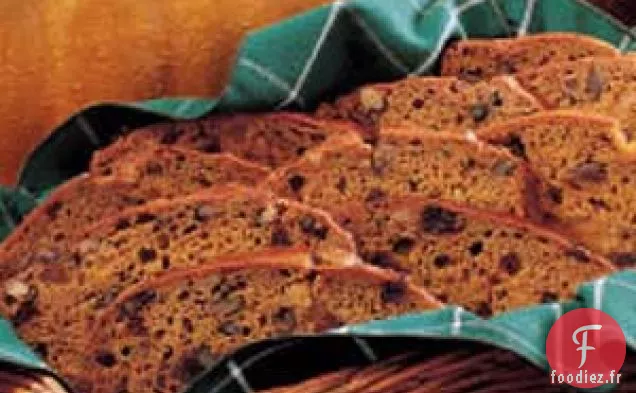Pain à La Citrouille Aux Fruits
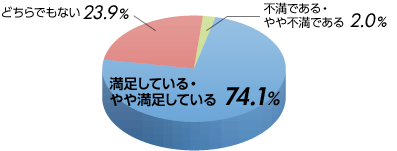 ĂE▞Ă74.1@ǂłȂ23.9@słEsł2.0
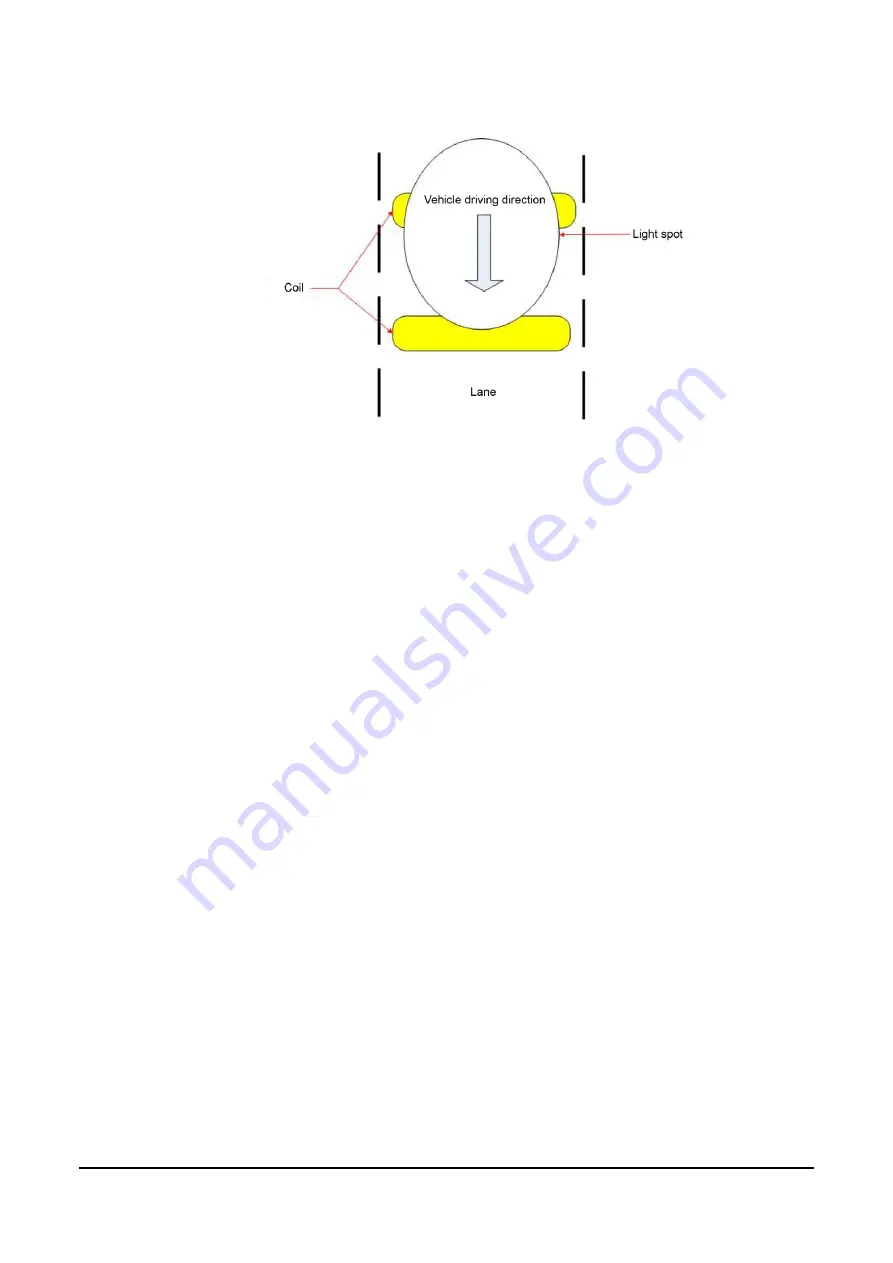 Dahua Technology ANPR Installation Manual Download Page 25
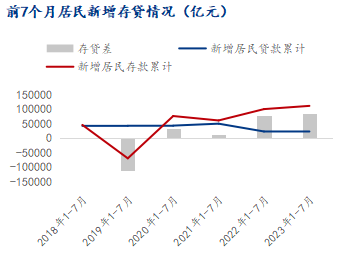 Mysteel：9月不锈钢运行趋势探讨开云体育 开云官网(图2)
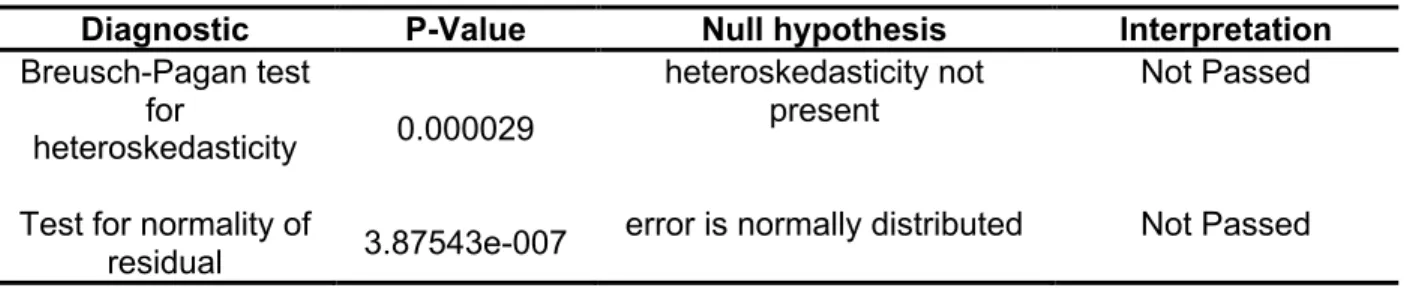 Table 37. Diagnostic Test for the Stepwise Regression Analysis of KLSE (2007-2016)  Diagnostic  P-Value  Null hypothesis  Interpretation  Breusch-Pagan test 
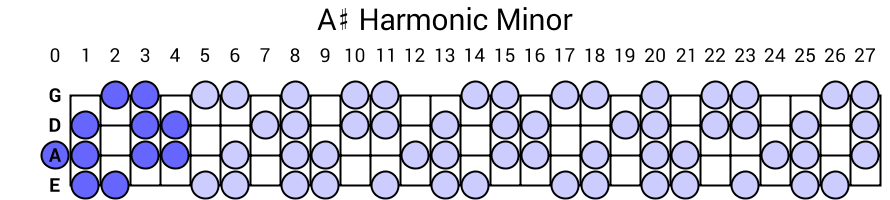 A# Harmonic Minor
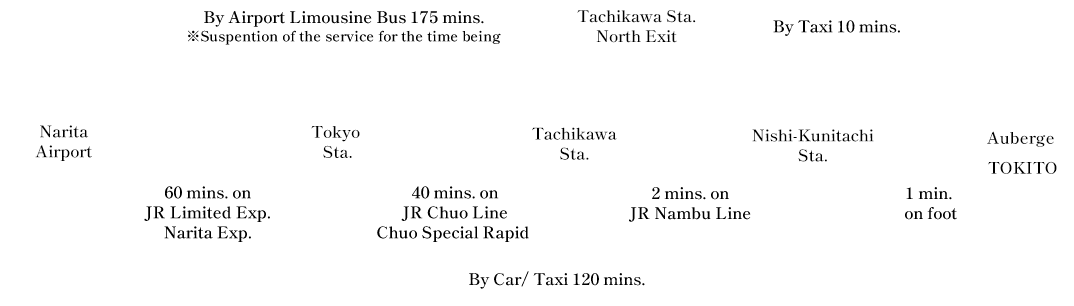 From Narita Airport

- - -

> _Work required_: Repeat exactly and only the lines from the one holding "Mysteel：9月不锈钢运行趋势探讨开云体育 开云官网(图2)" through the final line of the entries; no pictures.

> _Exercise answer_:
 Mysteel：9月不锈钢运行趋势探讨开云体育 开云官网(图2)
 Table 37. Diagnostic Test for the Stepwise Regression Analysis of KLSE (2007-2016)  Diagnostic  P-Value  Null hypothesis  Interpretation  Breusch-Pagan test 
 A# Harmonic Minor
 From Narita Airport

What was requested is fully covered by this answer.